[Data for processing — start]
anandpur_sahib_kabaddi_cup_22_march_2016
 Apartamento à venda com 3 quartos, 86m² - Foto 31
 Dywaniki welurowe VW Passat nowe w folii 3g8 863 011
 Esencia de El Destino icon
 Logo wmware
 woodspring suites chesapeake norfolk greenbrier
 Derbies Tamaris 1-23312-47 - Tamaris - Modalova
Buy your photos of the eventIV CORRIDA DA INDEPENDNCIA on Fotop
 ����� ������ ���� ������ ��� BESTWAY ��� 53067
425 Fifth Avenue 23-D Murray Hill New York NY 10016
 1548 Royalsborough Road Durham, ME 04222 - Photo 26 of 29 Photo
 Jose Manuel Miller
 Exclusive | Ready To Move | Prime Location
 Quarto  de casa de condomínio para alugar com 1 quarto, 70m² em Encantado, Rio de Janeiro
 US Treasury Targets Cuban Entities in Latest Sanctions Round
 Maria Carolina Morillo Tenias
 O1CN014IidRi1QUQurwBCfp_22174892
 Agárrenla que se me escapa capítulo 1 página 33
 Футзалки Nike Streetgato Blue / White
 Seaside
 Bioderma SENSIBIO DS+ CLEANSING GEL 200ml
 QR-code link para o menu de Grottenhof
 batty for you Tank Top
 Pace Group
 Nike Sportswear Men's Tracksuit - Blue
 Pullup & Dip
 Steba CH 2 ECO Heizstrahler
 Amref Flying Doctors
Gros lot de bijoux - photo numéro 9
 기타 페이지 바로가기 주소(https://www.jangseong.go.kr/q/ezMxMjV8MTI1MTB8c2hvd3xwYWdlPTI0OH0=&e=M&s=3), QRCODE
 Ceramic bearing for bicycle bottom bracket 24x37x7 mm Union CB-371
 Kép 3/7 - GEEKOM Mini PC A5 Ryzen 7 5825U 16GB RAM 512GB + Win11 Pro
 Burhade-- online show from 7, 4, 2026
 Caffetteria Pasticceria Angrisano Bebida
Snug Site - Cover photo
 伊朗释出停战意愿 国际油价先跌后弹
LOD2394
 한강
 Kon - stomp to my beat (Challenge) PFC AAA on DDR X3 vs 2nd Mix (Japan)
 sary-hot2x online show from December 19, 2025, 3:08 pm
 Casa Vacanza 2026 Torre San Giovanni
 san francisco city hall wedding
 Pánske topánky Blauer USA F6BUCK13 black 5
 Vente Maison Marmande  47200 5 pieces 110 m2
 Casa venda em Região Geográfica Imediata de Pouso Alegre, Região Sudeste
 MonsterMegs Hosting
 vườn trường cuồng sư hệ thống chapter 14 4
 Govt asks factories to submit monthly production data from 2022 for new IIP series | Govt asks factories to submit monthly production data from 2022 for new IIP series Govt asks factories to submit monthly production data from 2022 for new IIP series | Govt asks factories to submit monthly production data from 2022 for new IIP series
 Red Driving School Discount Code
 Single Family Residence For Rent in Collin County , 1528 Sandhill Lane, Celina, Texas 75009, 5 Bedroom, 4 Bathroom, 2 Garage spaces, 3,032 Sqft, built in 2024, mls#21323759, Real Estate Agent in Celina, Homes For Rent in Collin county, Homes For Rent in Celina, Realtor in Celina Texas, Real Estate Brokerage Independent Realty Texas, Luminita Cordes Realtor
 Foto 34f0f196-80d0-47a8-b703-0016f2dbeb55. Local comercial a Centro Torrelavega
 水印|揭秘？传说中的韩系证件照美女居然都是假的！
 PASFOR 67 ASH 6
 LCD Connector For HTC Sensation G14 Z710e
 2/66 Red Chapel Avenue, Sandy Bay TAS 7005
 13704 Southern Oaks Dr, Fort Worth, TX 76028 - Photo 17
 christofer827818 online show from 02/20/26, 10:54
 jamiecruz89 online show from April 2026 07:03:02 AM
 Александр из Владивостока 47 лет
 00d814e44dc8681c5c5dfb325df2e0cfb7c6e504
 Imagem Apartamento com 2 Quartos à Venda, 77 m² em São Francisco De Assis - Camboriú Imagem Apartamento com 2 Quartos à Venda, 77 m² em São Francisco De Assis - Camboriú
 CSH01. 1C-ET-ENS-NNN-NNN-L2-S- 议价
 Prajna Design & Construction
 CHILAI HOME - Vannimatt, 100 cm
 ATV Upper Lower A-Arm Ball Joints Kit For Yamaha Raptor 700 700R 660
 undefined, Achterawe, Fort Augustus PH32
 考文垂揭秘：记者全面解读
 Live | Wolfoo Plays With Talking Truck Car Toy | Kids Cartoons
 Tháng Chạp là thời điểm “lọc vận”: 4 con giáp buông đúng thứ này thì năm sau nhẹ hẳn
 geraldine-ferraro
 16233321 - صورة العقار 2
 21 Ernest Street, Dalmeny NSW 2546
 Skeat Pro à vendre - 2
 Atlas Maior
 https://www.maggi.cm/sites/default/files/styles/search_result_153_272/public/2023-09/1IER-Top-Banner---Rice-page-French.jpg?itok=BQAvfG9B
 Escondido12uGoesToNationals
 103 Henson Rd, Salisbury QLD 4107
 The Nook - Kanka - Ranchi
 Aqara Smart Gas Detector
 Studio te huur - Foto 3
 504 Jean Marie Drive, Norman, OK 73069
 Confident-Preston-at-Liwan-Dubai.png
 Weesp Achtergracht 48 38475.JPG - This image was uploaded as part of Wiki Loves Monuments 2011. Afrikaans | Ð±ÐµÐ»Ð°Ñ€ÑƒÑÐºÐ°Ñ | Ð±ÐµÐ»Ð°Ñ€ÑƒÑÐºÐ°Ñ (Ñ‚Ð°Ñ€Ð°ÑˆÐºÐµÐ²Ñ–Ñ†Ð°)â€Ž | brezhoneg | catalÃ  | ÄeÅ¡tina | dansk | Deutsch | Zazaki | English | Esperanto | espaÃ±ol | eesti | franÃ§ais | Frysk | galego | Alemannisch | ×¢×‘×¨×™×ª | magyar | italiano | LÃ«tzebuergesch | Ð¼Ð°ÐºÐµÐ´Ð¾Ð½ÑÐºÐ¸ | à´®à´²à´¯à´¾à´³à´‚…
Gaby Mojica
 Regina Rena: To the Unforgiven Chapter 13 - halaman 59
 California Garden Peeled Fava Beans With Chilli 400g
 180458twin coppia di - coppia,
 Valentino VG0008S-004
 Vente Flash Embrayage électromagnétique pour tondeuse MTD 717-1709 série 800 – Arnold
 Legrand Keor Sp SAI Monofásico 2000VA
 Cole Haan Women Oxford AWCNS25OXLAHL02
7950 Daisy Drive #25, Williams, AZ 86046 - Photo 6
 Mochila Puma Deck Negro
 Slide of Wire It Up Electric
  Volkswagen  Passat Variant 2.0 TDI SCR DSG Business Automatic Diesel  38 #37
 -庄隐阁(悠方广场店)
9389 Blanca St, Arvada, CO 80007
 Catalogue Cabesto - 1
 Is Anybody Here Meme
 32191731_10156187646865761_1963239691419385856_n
[Data for processing — finish]
Description of the task »
Count the lines in the data where "Drive" occurs. Report the number only.

Result below »
2